_What you need to do:_
From the entries below, tally the lines with "Used" in them and reply with that figure only.

(Scraped caption text data)
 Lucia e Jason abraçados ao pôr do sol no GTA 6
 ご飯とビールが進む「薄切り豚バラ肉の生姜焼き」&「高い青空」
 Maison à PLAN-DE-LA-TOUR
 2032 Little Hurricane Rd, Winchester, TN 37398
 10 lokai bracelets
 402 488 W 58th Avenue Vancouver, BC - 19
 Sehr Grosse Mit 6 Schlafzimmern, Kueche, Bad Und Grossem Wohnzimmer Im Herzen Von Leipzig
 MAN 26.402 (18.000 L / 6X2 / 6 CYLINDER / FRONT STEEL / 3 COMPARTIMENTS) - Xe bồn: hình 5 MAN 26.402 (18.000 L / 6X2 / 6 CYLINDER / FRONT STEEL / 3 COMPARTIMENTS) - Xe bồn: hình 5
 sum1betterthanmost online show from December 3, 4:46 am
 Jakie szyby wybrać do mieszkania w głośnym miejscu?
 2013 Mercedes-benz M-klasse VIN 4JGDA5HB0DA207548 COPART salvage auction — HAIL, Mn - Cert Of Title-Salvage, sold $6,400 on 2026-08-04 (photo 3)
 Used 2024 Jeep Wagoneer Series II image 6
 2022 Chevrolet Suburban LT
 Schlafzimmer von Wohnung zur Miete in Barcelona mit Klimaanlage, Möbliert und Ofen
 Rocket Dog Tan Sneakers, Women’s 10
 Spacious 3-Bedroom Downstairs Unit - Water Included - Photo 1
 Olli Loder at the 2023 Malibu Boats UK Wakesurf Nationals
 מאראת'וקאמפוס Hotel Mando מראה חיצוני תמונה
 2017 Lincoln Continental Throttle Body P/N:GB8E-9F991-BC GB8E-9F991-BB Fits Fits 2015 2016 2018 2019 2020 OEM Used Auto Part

_Written solution:_
2